L’evoluzione normativa dell’istituto, costantemente accompagnata da interventi della giurisprudenza costituzionale e di legittimità, oltre che da numerose pronunce di merito, ha trovato la sua ultima cristallizzazione, dapprima, con il DECRETO LEGISLATIVO 5 agosto 2015, n. 128 (c.d. Decreto sulla certezza del diritto) che, con l’art. 2 (“Modifiche alla disciplina del raddoppio dei termini per l’accertamento”), commi 1 e 2, ha disposto la modifica e l’inserimento, negli artt. 43, c.3, del D.P.R. n. 600 del 1973, e 57, c. 3, del D.P.R. n. 633 del 1972, del seguente periodo: «Il raddoppio opera a condizione che la denuncia sia presentata o trasmessa entro la scadenza ordinaria dei termini»e, poi, con la LEGGE 28 dicembre 2015, n. 208 (c.d. “Legge di stabilità 2016”), art. 1, commi 130 e 131 che hanno sostituito gli artt. 43, del D.P.R. n. 600 del 1973, e 57 del D.P.R. n. 633 del 1972 apportando un’ulteriore radicale modifica
- con la soppressione testuale del raddoppio dei termini in presenza di violazioni penali tributarie
- con l’introduzione di nuovi e più ampi termini per la rettifica delle dichiarazioni sui redditi e sul valore aggiunto (da quattro a cinque anni, in caso di presentazione della dichiarazione, e, da cinque a sette anni, in caso di dichiarazione omessa).
l perfezionamento di un reato in capo alla società oramai estinta, che di per sé darebbe luogo ad un raddoppio dei termini per l’accertamento fiscale delle violazioni in capo alla società (ai sensi dell’art. 37, comma 24, del D.L. n. 223 del 2006), possa comportare l’ulteriore effetto del raddoppio dei termini per l’accertamento fiscale anche nei riguardi dei soci della società estinta.
La Corte di Cassazione con l’Ordinanza 22 ottobre 2021, n. 29548, è giunta a ritenere pienamente legittimo il raddoppio dei termini per la notifica dell’accertamento in esame nei confronti del socio della società estinta, atteso che il debito fiscale si era trasferito in capo a quest’ultimo in qualità di socio unico a causa della estinzione della società (cancellata dal registro delle imprese) e della liquidazione operata dal liquidatore in suo favore.

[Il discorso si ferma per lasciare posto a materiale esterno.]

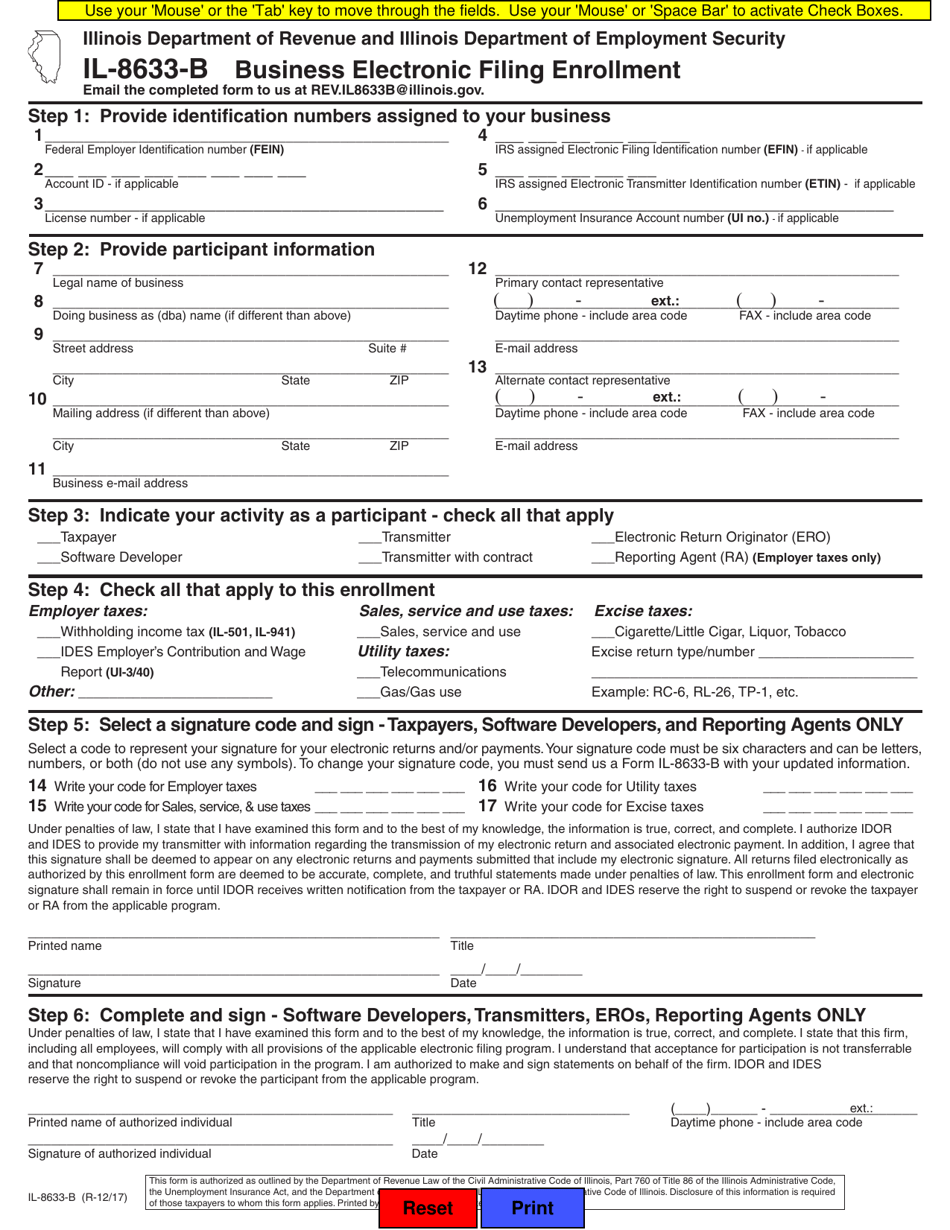 Form IL-8633-B Business Electronic Filing Enrollment - Illinois, Page 1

Sulla problematica la Suprema Corte ha, in primo luogo, chiarito che, dopo la riforma del diritto societario, attuata dal D.Lgs. n. 6 del 2003, qualora all’estinzione della società di persone o di capitali, conseguente alla cancellazione dal registro delle imprese, non corrisponda il venir meno di ogni rapporto giuridico facente capo alla società estinta si determina un fenomeno di tipo successorio, in virtù del quale:
- l’obbligazione della società non si estingue, ciò che sacrificherebbe ingiustamente il diritto del creditore sociale, ma si trasferisce ai soci, i quali ne rispondono, nei limiti di quanto riscosso a seguito della liquidazione o illimitatamente, a seconda che, “pendente societate”, fossero limitatamente o illimitatamente responsabili per i debiti sociali;
- i diritti e i beni non compresi nel bilancio di liquidazione della società estinta si trasferiscono ai soci, in regime di contitolarità o comunione indivisa, con esclusione delle mere pretese, ancorchè azionate o azionabili in giudizio, e dei crediti ancora incerti o illiquidi, la cui inclusione in detto bilancio avrebbe richiesto un’attività ulteriore (giudiziale o extragiudiziale), il cui mancato espletamento da parte del liquidatore consente di ritenere che la società vi abbia rinunciato, a favore di una più rapida conclusione del procedimento estintivo.